Dataset extract =>
*** Block opens ***

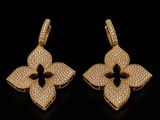 a pair of yellow gold earrings with white diamonds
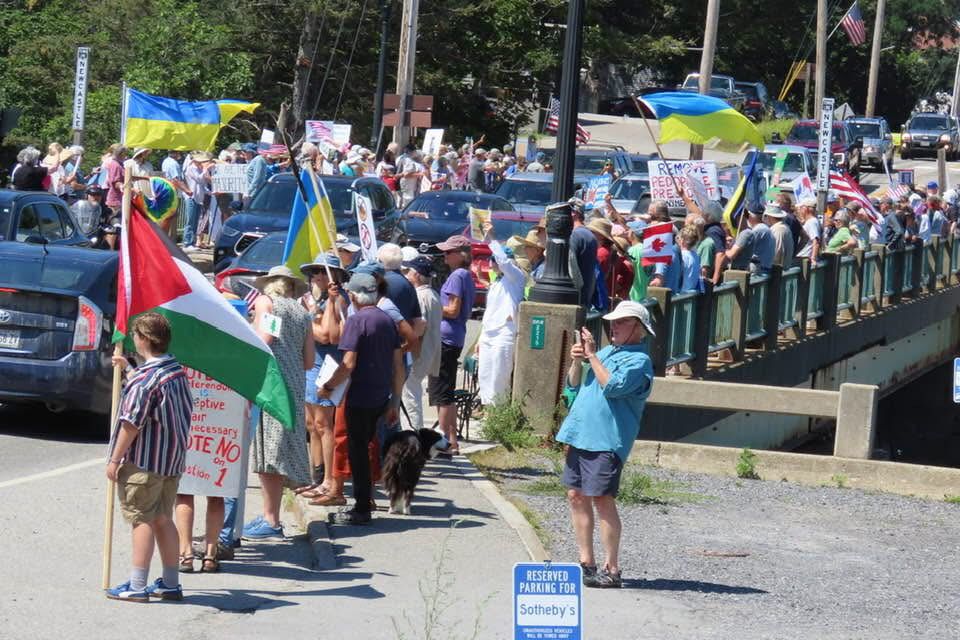 Large crowd of protesters gathered on the Newcastle Damariscotta Bridge. Ukrainian flags seem in the picture. 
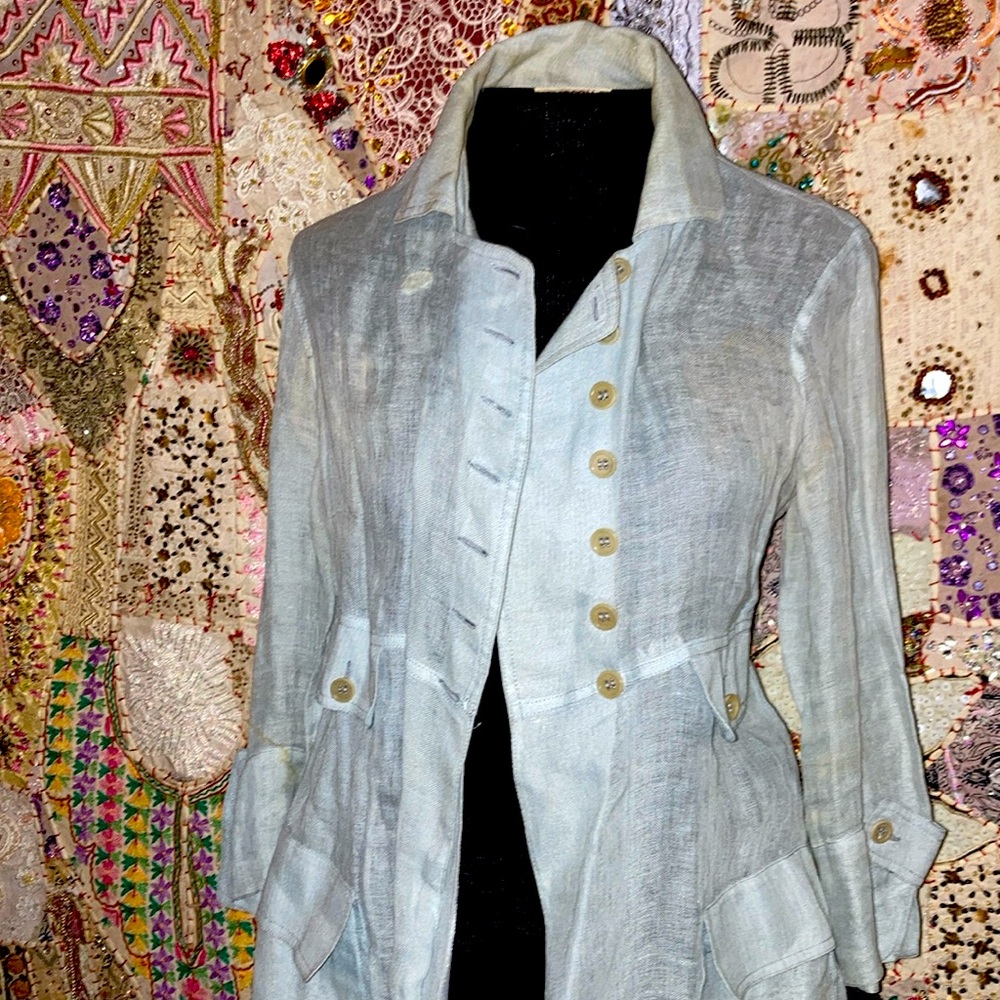 100% linen created in Italy, double breasted sheer & buttoned tailored sleeves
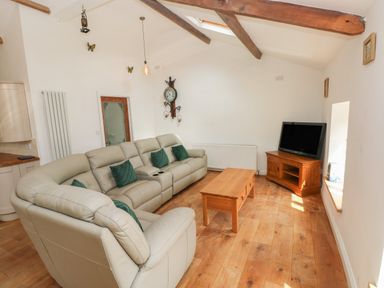 A living room with a beige leather sectional sofa and green pillows a wooden coffee table a wooden TV stand with a television exposed wooden ceiling beams and a clock on the wall at Greenheart Cottage in Pontrhydyfen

*** Block closes ***

Exercise aim => Starting at the line that contains "Large crowd of", write out exactly each line through the last one in the listing above, leaving out the pictures and adding nothing else.

Exercise response =>
 Large crowd of protesters gathered on the Newcastle Damariscotta Bridge. Ukrainian flags seem in the picture. 
 100% linen created in Italy, double breasted sheer & buttoned tailored sleeves
 A living room with a beige leather sectional sofa and green pillows a wooden coffee table a wooden TV stand with a television exposed wooden ceiling beams and a clock on the wall at Greenheart Cottage in Pontrhydyfen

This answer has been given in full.